The narrator mentions that the target of their attack was the city of Lingling in the Hunan Province.
Although the date of the video release is a bit too close to the event I believe it shows an attack dated June 10, 1943.
According to Monograph No. 76 "Air Operations in the China Area", on that day:

"At 15:25, 16 light bombers from the 90th Sentai, eight Ki-43s from the 25th Sentai and 19 Ki-43s from the 33rd Sentai attacked the air base at Hengyang and bombed five aircraft on the ground. This force also engaged about ten P-40s in the air, shooting down and destroying five of them."

Hakans, here, adds that:
 "Ten P-40s from the 23rd Fighter Group (US) intercepted about 25 aircraft over Hengyang between 13:15-13:45. The 74th FS claimed one enemy bomber shot down."

This information is confirmed as correct as according to "Shenshi Shosho #74 one 90 Sentai "Lily" was lost on that day.
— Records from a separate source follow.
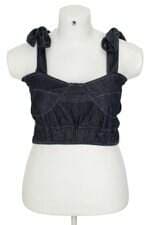 blusa cropped que linda feminina azul
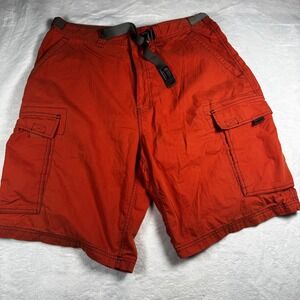 Abercrombie & Fitch Cargo Shorts Mens Large Orange Belted Pockets Outdoor L Y2K
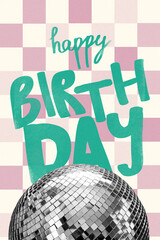Obraz premium Celebration of happy birthday with colorful design and disco ball at a party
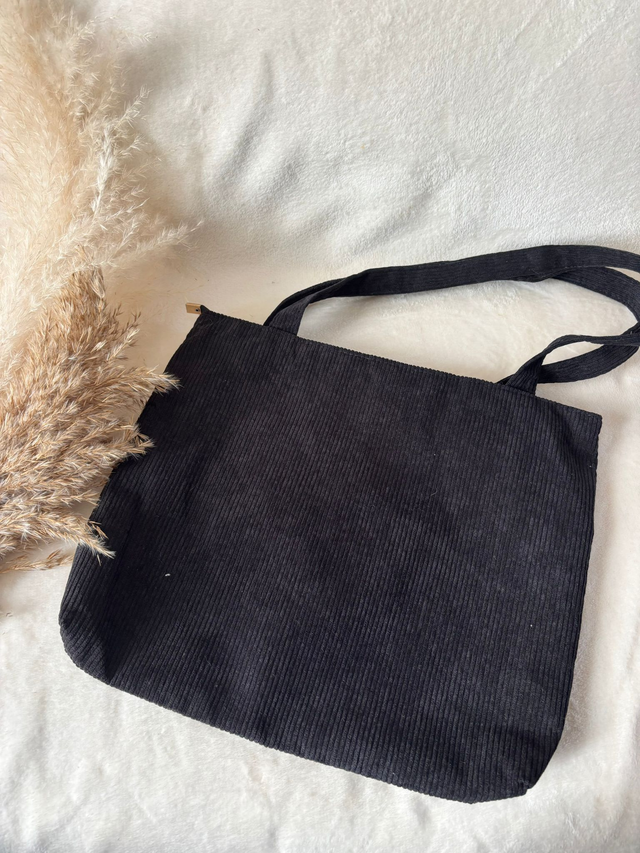 Tote bag en velours côtelé Noir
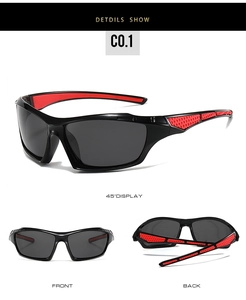 Polarized sports sunglasses featuring black frames and red honeycomb non-slip temples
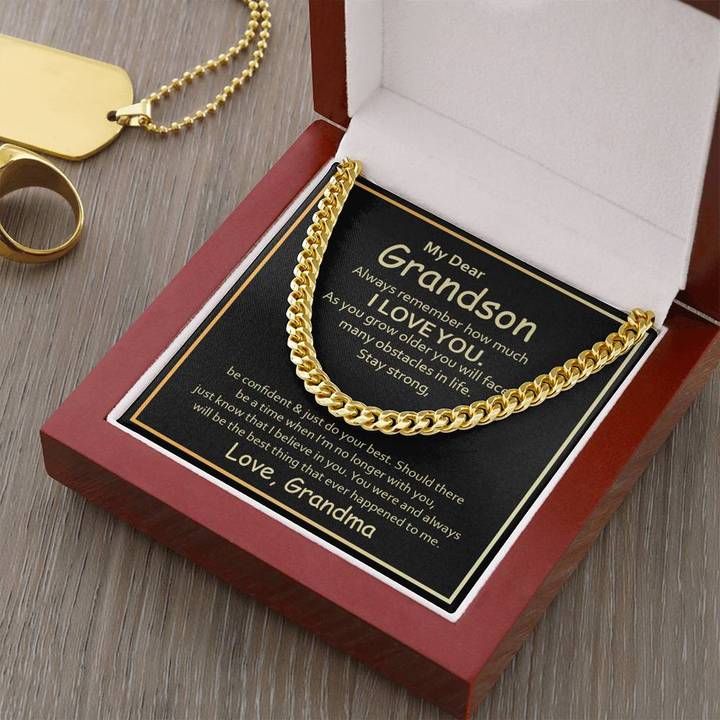 To My Grandson Necklace – Be Confident & Just Do Your Best Love, Grandma Cuban Link Chain Necklace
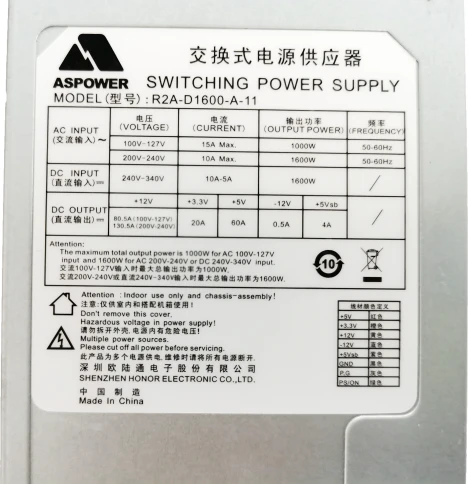 Блок питания серверный/ Server power supply Qdion Model R2A-D1600-A P/ фото 2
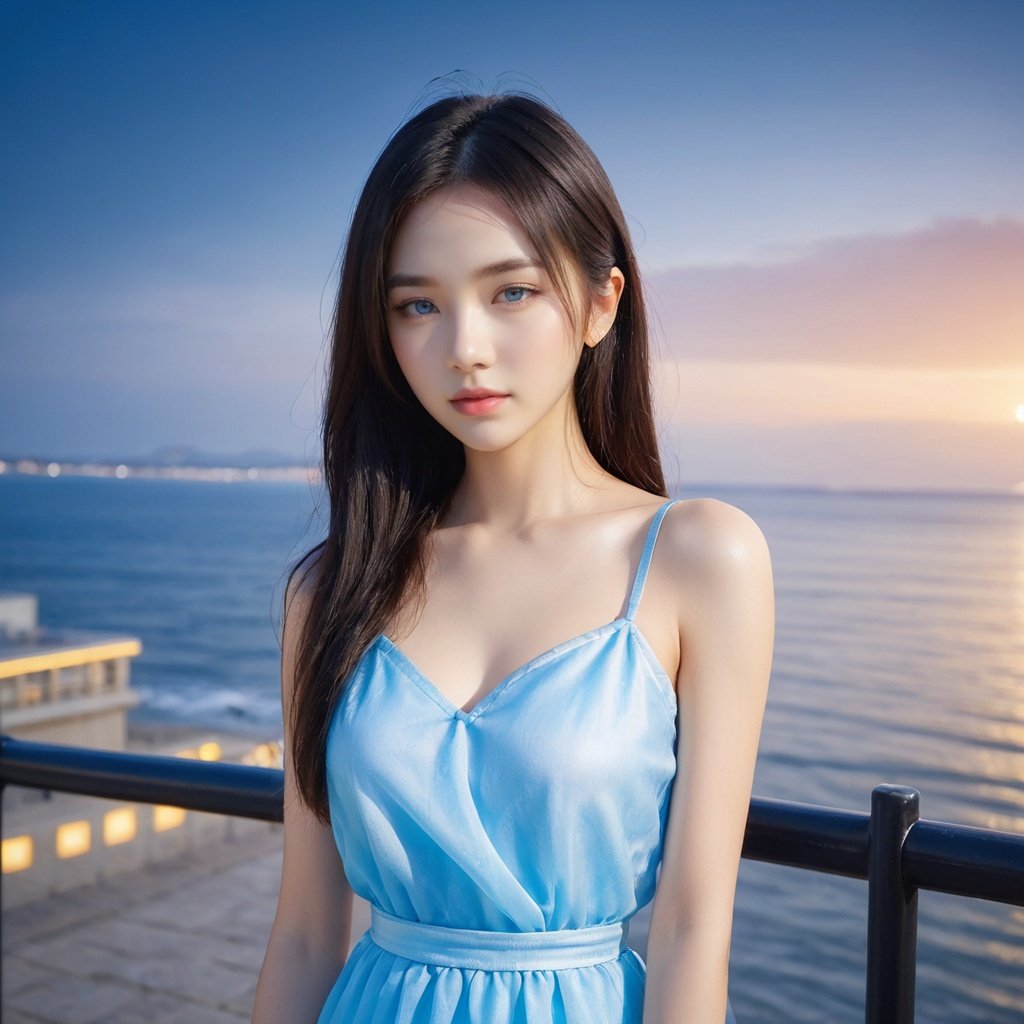 realistic,real skin,Goddess,camisole,tippet,seaside ,1 girl,white hair,long hair,blue_eyes,gauze scarf, gauze shirt,organdie,dress, huansha, Flutter in the wind,neon_dress<lora:Hosino1.0-000006:0.5>,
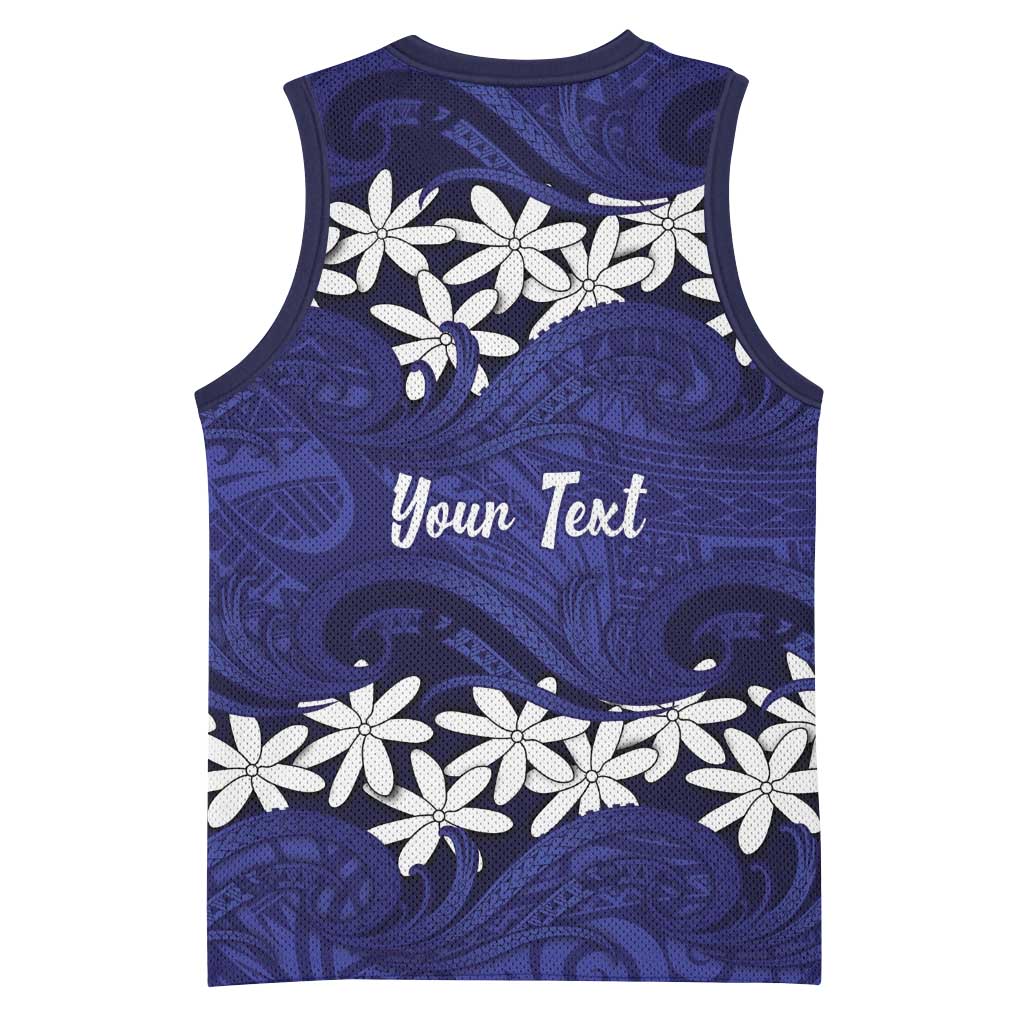 Personalised Cook Islands Pukapuka Basketball Jersey Tiare Maori Polynesian Waves Tattoo LT14 - Polynesian Pride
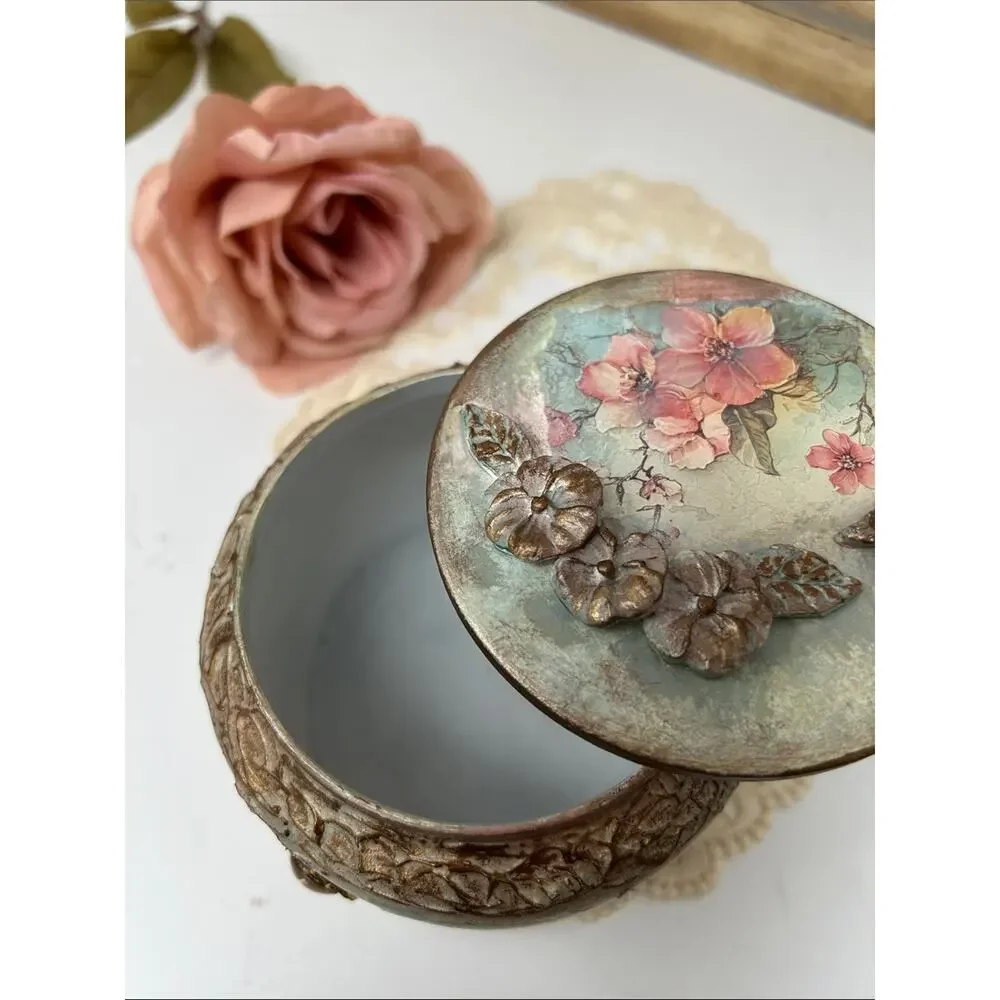 Vintage-Style Decorative Bird Floral Jewelry Jar - Mint & Pink
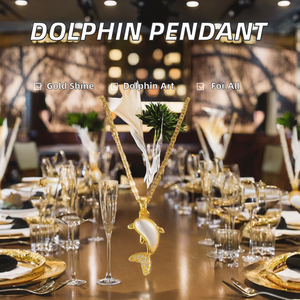 قلادة دولفين كلاسيكية أنيقة مطلية بالذهب من الفولاذ المقاوم للصدأ مع سلسلة تعلق حول الترقوة للنساء - Product Image 2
The problem with the location mentioned in the video and shown in the map is explained as the US air forces were based in the three cities of Kweilin (present day Guilin) - Hengyang - Lingling District in Hunan, and the Japanese attacked and engaged with US aircraft in the general area of all three. Unfortunately I was unable to confirm the five or any at all P-40s shot down on that day. If you have something, do share.



George Bryant said...

I was fortunate enough to tour the Texas Aircraft Factory while they were building the KI 43. They built 5 aircraft by reverse engineering. They used wrecks recovered from the Kurile Islands. The worksmanship was exceptional. As far as I can tell, only one is flying.

D. Chouinard said...

I remember the Texas Aircraft Factory. Never made it there to see what was going on. From what I understood at the time, they were having problems with the landing gear, but I assume this got worked out? I think the only flying example is based in Oregon (US)right now.

George Bryant said...

You are correct. They had two gear failures. When the production was moved to the Champlain group, I believe they had one collapse as well.